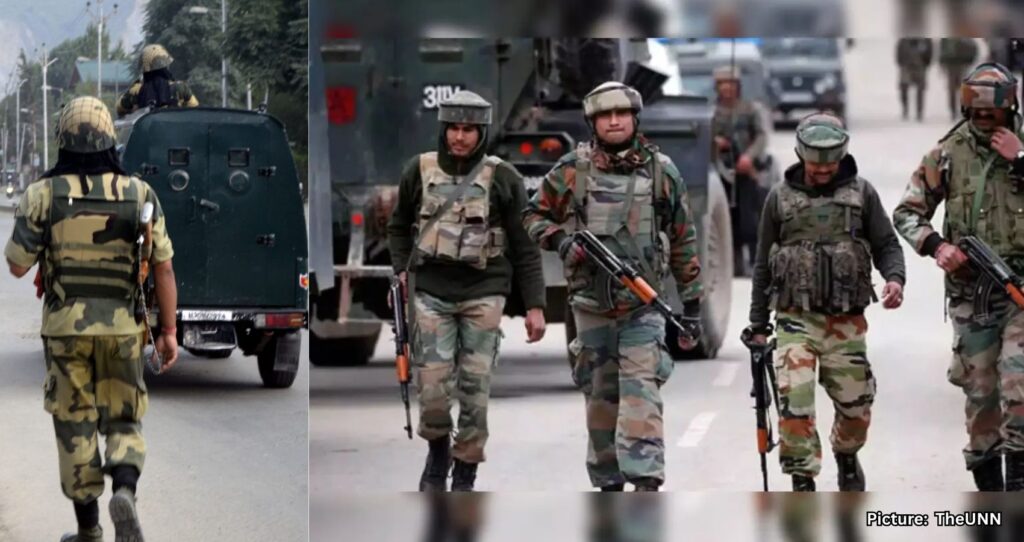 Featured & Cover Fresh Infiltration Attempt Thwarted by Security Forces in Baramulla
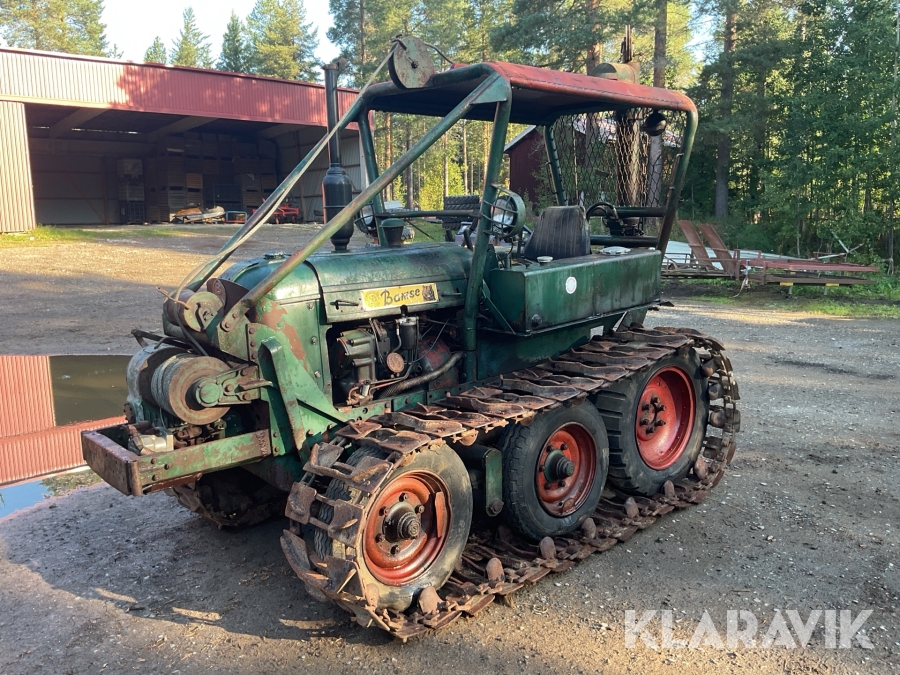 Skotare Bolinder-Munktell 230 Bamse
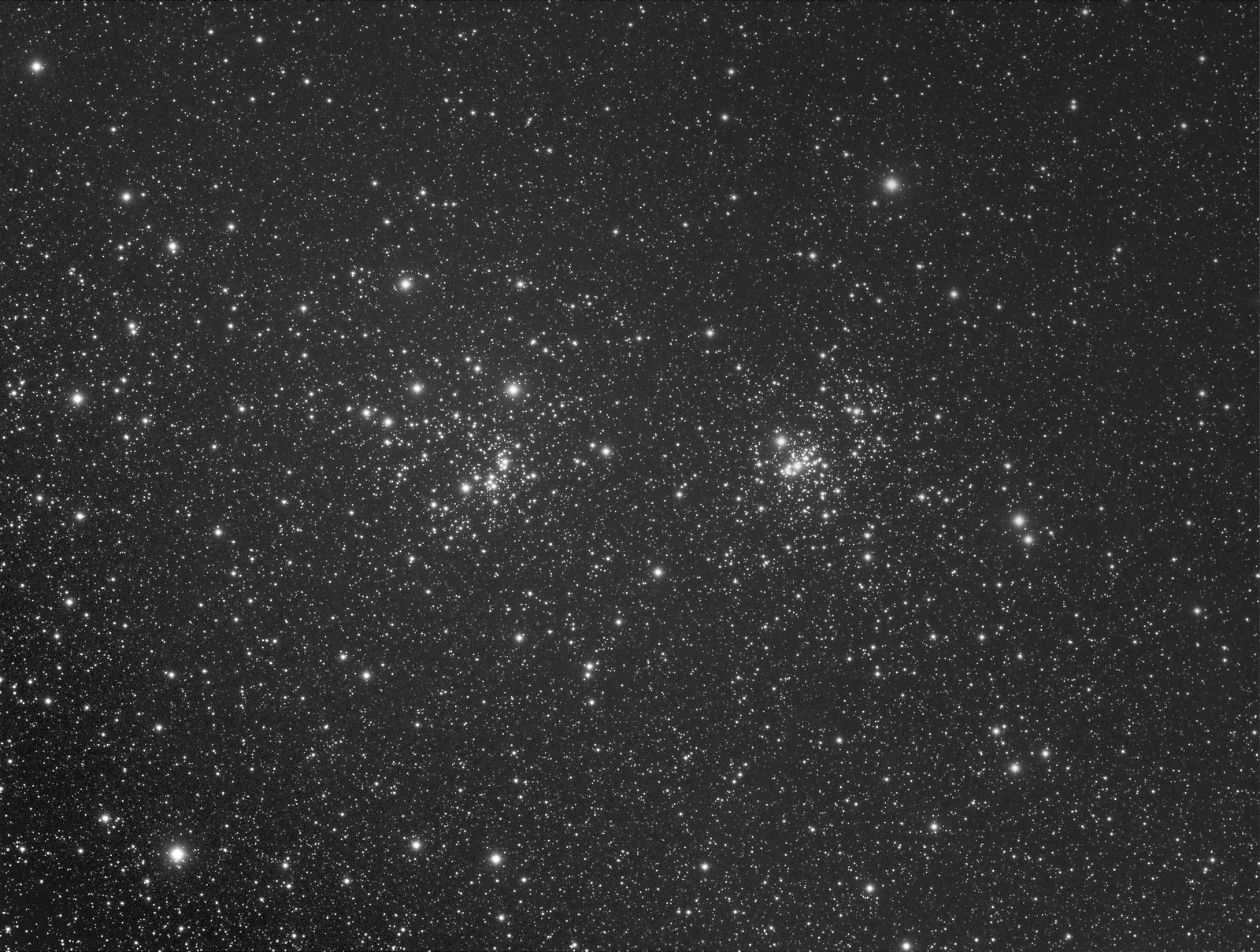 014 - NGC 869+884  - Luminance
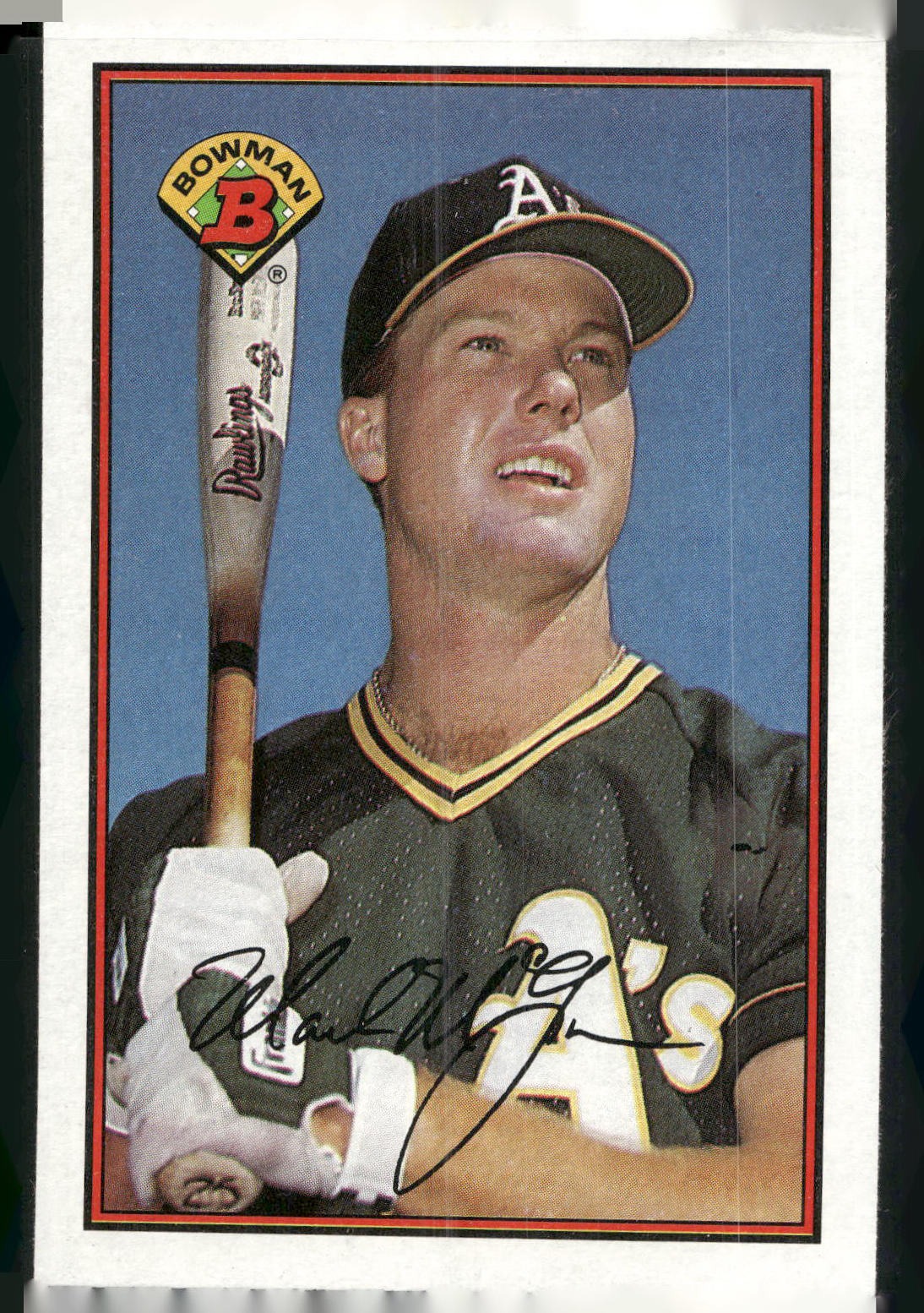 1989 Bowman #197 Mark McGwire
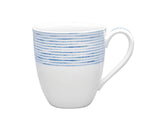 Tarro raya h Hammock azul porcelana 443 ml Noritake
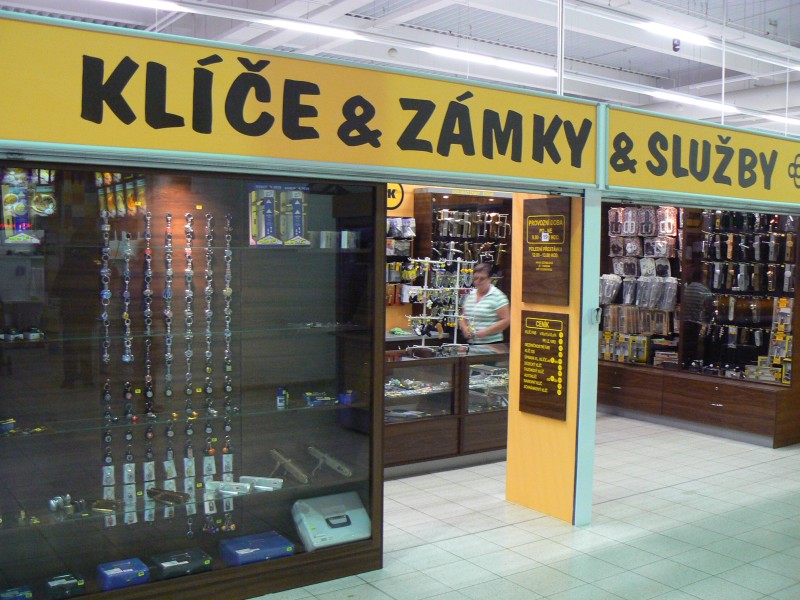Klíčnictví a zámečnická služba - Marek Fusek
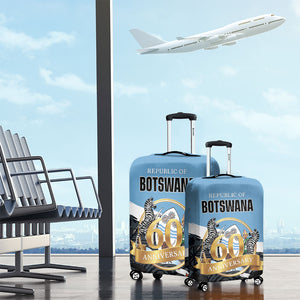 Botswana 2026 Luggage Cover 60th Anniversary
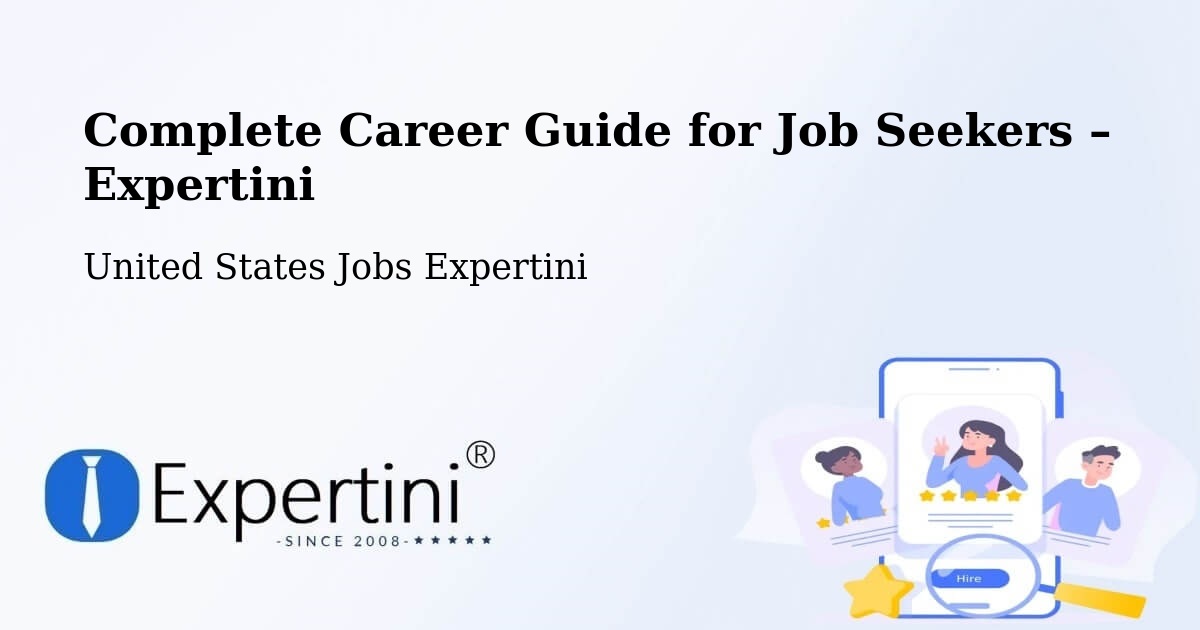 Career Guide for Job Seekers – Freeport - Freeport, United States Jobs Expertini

Task
Write out the entries again, word for word. No images.

Output for this task
 Featured & Cover Fresh Infiltration Attempt Thwarted by Security Forces in Baramulla
 Skotare Bolinder-Munktell 230 Bamse
 014 - NGC 869+884  - Luminance
 1989 Bowman #197 Mark McGwire
 Tarro raya h Hammock azul porcelana 443 ml Noritake
Klíčnictví a zámečnická služba - Marek Fusek
 Botswana 2026 Luggage Cover 60th Anniversary
 Career Guide for Job Seekers – Freeport - Freeport, United States Jobs Expertini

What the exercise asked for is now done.